=== TASK INPUT ===
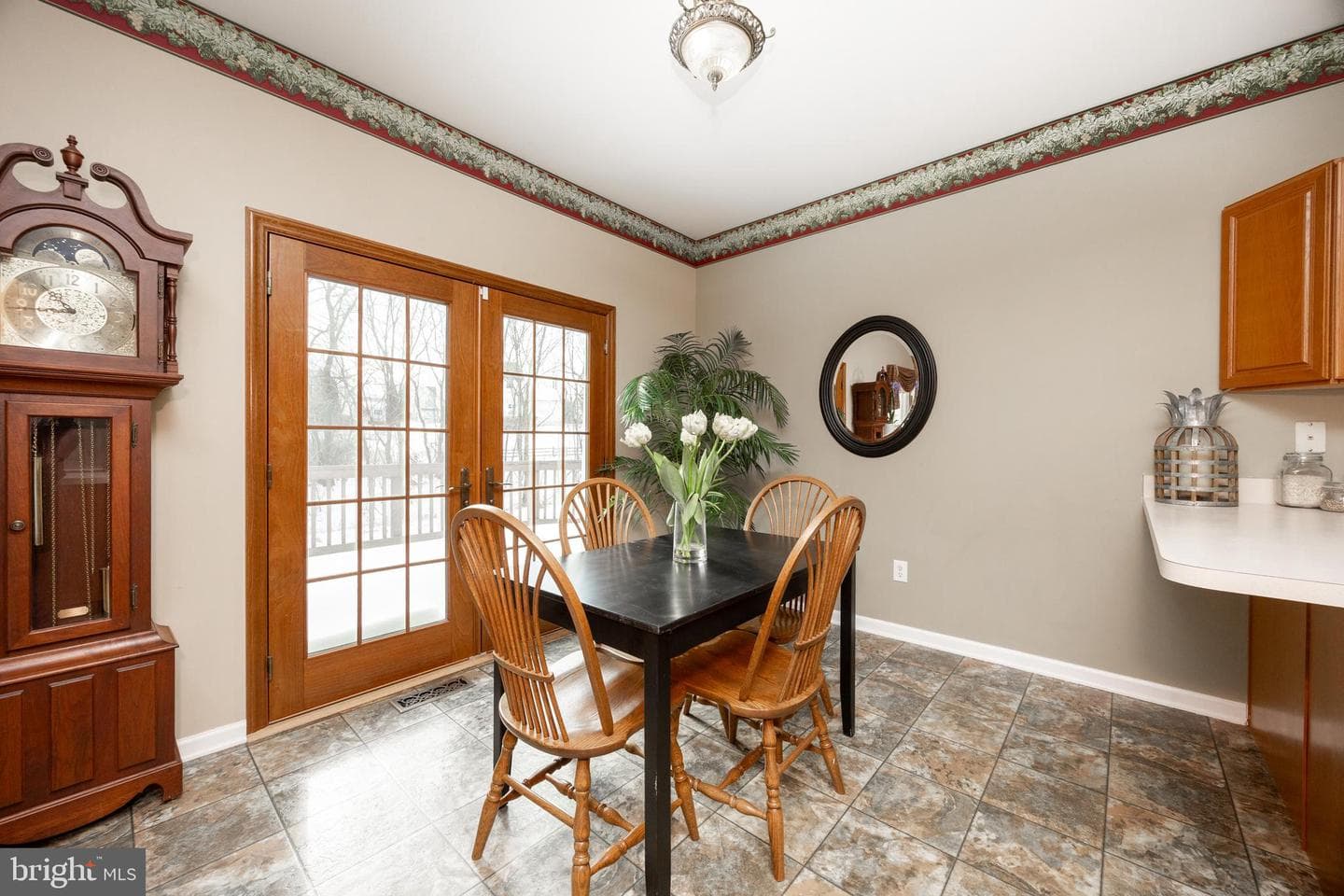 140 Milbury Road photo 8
===
=== TASK INPUT ===
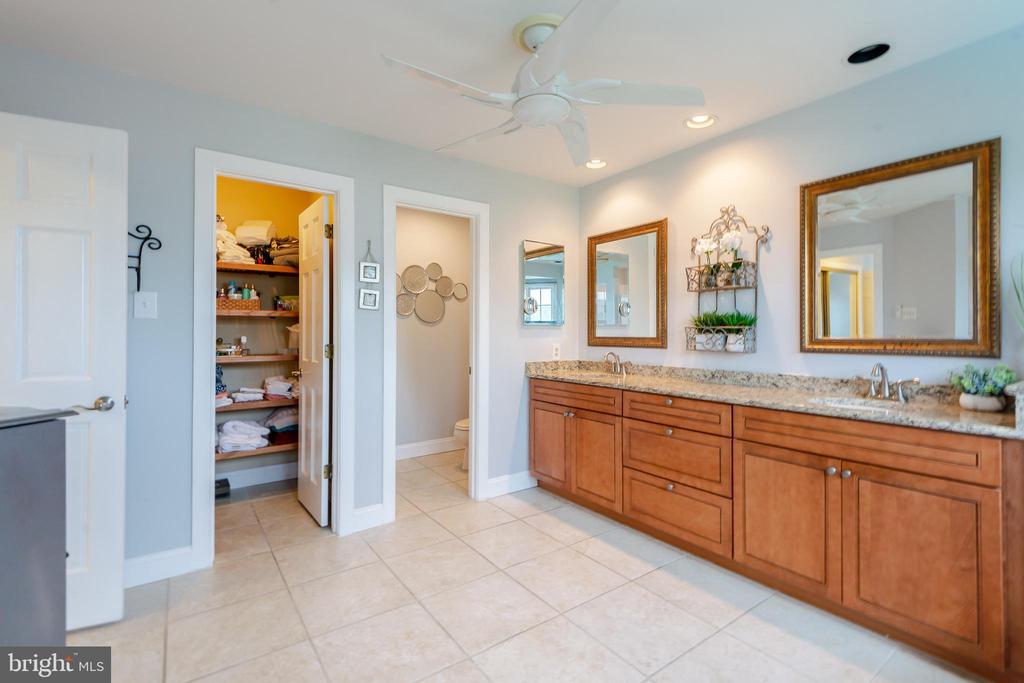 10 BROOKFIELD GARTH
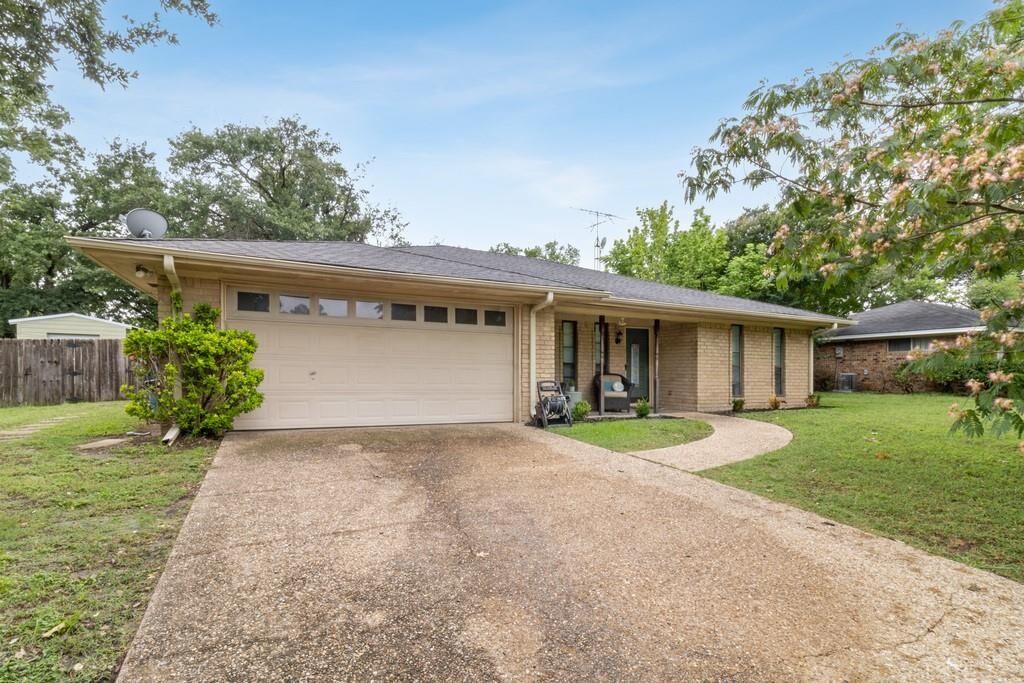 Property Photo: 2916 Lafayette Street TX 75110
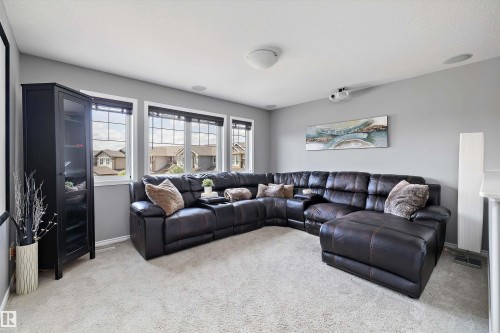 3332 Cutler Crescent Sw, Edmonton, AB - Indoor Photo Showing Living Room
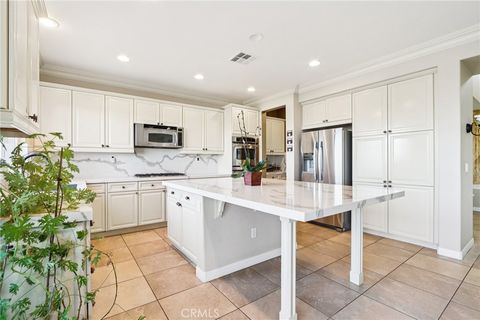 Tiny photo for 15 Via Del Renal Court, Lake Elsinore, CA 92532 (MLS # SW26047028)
===
=== TASK INPUT ===
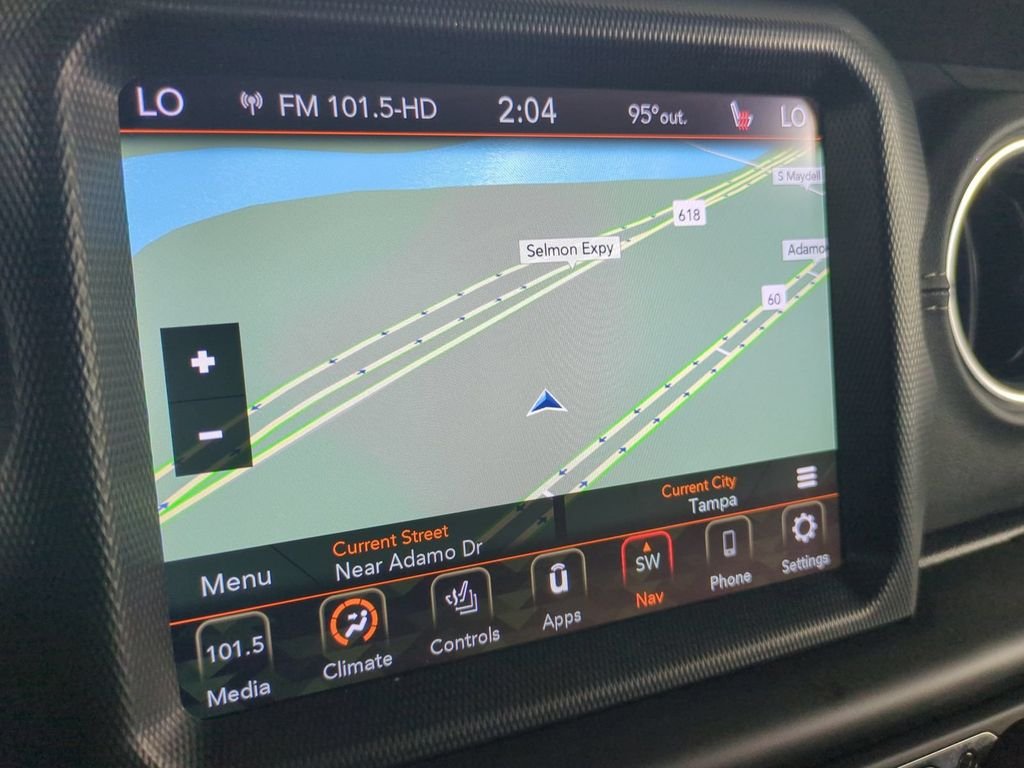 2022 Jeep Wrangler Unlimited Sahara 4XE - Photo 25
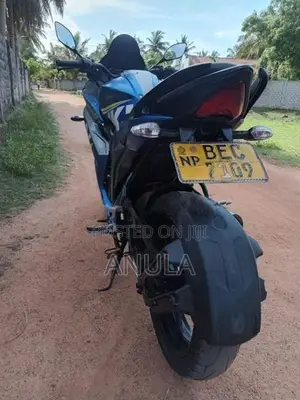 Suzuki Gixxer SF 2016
===
■ INSTRUCTIONS FOR THE TASK ■
Going back to the data above, write out everything from the line with "3332 Cutler Crescent" down to the line with "Tiny photo for", both included, leaving every picture out.

■ RESULT OF THIS EXERCISE ■
 3332 Cutler Crescent Sw, Edmonton, AB - Indoor Photo Showing Living Room
 Tiny photo for 15 Via Del Renal Court, Lake Elsinore, CA 92532 (MLS # SW26047028)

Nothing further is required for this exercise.